Philbrook Museum of Art presents Models & Muses. Max Weber and the Figure, an exhibition on view 04.11.2012 – 02.03.2013.

An early cubist and important conduit of avant-garde art to America, Max Weber was a key figure in early 20th century art. After years of struggling against the mainstream tide, Weber would eventually hit his stride and establish his reputation as a prominent leader of American modernism mid-career. Except for a brief period in the nineteen-teens when he focused on scenes of New York, Weber was thoroughly engaged with the figure throughout his long career. This traditional subject underwent many manifestations during Weber’s venturesome career, appearing variously as academic model, primitive exotic, or melancholic muse. This exhibition, the first solo museum show on the artist in twenty years, looks at Weber’s career through the lens of the figure, specifically how this humanitarian and classical subject helped the artist negotiate numerous formal fluctuations in his career from his early cubism to his later form of linear expressionism.

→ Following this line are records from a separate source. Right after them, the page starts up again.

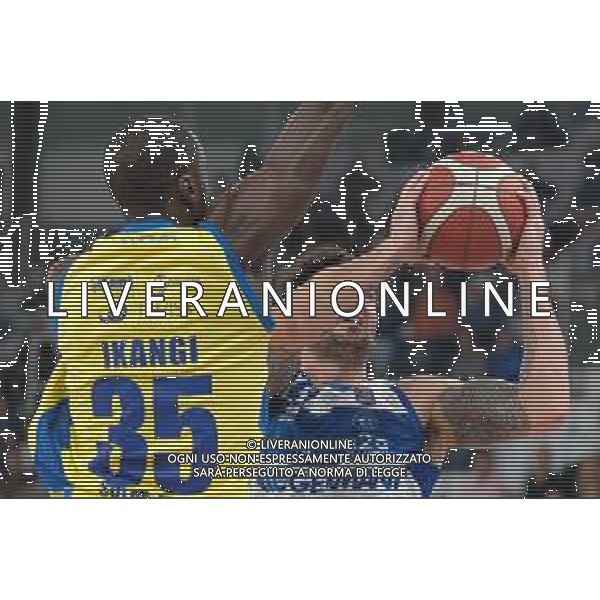 Christian Burns - Germani Basket Brescia - Germani Basket Brescia al rimbalzo durante il match tra Germani Basket Brescia e Ginova Scafati valido per la terza giornata del campionato Italiano di basket serie A1 basketball. 16 Ottobre 2022, Pala Leonessa A2A, Brescia Italia ©Tommasini Roberto/AGENZIA ALDO LIVERANI SAS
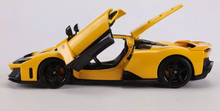 Load image into Gallery viewer, Bburago 1:24 Yellow F80 Racing Sports Open Model Diecast Metal Car New Collection
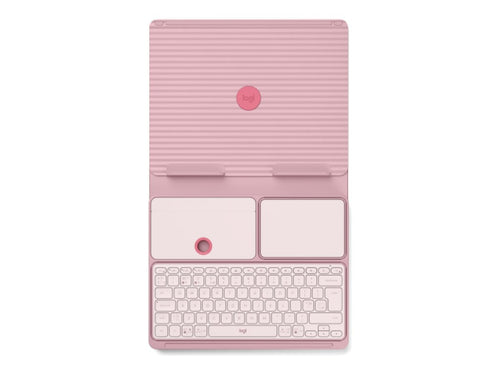 Logitech Casa Pop-Up Desk – Kabelloses Set mit Tastatur und Touchpad
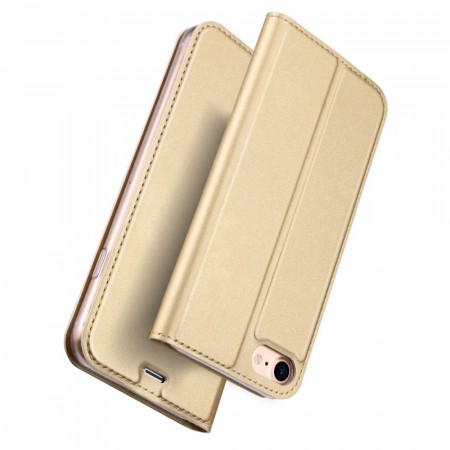 Dux Ducis Skin Pro Series Flip deksel iPhone 7 Plus/8 Plus gull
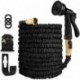 JUILA-YUN 50ft Expandable Garden Hose , Leakproof Lightweight Retractable Water Hose with Solid Brass Fittings, Extra Strength 3750D Durable Gardening Flexible Hose Pipe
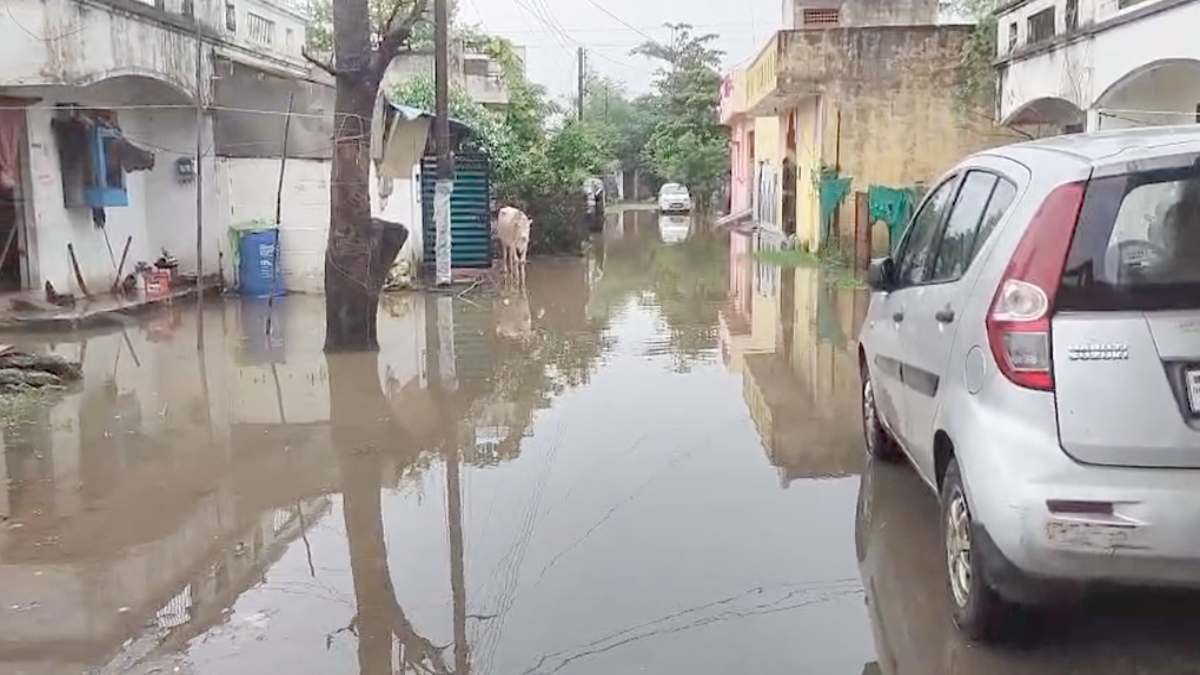 हाउसिंग बोर्ड कॉलोनी में जलभराव से रहवासी परेशान, नालियों की सफाई और बेहतर जल निकासी की व्यवस्था करने की मांग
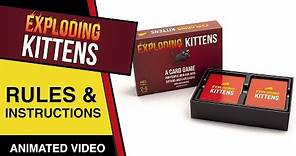 How to play Exploding Kittens | Learn Exploding Kittens card game rules & regulations.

Weber returned to New York from Paris in 1909 and exploded his canvases with colorful, cubist-futurist paintings, much to the disfavor of mainstream critics and audiences. By 1919, his radical cubism began to soften significantly, reflecting a more conservative turn in American art and modernism abroad. With this change came Weber’s concurrent turn inward toward more domestic, humanitarian,

and spiritual concerns. He often fleshed out such concerns with themes including women in interiors, bathers in nature, or increasingly distressed figures in craggy landscapes foreshadowing the coming of World War II.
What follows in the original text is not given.